— Work order —
If a line holds an image, leave the image out; write out everything else in the records exactly.

[Supplied records — start]

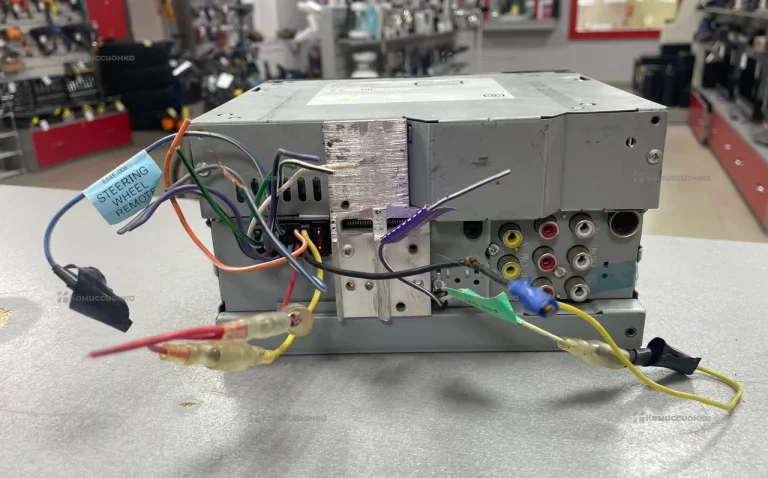 Автомагнитола JVC KW-V11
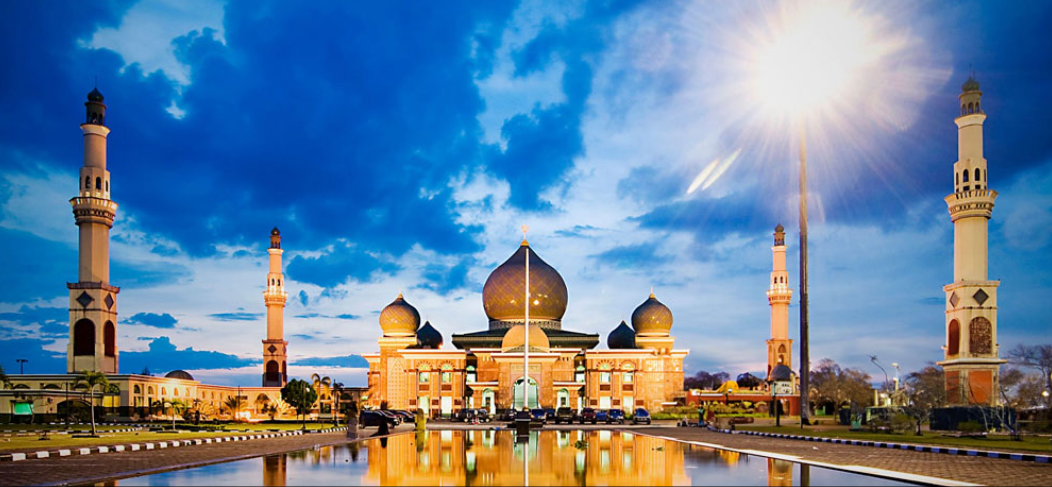 Masjid An Nuur, Masjid Agung Pekan Baru, Riau, Indonesia. Masjid terbesar di Provinsi Riau, Indfonesia.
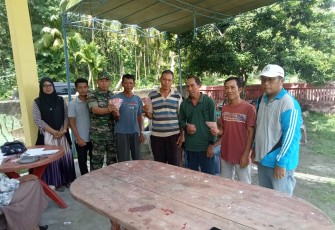 Pemdes Sumbar Harapan saat saluran BLT DD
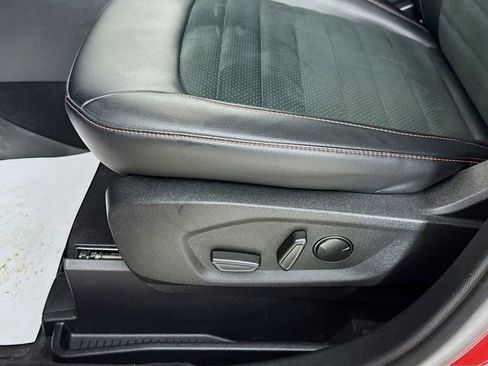 Used 2023 Ford Edge ST-Line image 18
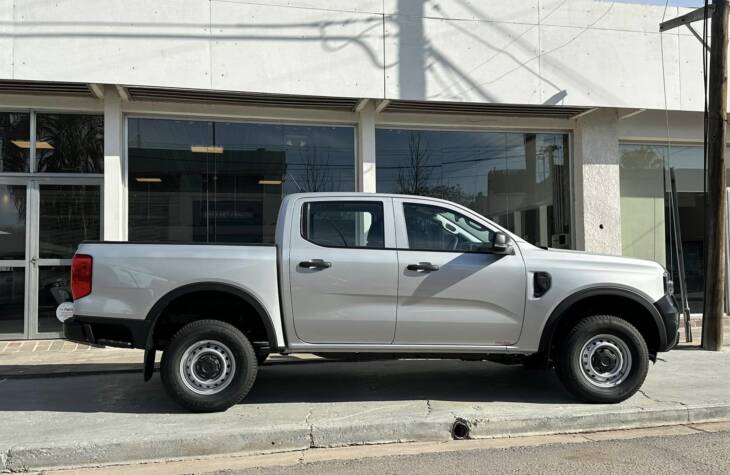 FORD RANGER D/CABINA 2.0 TDI XL M/T 4x2 0Km My2024 DISPONIBLE!  Financia Bco. Santander. Acércate a ORIO HNOS, SAN GENARO, concesionario oficial SHINERAY - Imagen 2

[Supplied records — finish]

— Task solution —
 Автомагнитола JVC KW-V11
 Masjid An Nuur, Masjid Agung Pekan Baru, Riau, Indonesia. Masjid terbesar di Provinsi Riau, Indfonesia.
 Pemdes Sumbar Harapan saat saluran BLT DD
 Used 2023 Ford Edge ST-Line image 18
 FORD RANGER D/CABINA 2.0 TDI XL M/T 4x2 0Km My2024 DISPONIBLE!  Financia Bco. Santander. Acércate a ORIO HNOS, SAN GENARO, concesionario oficial SHINERAY - Imagen 2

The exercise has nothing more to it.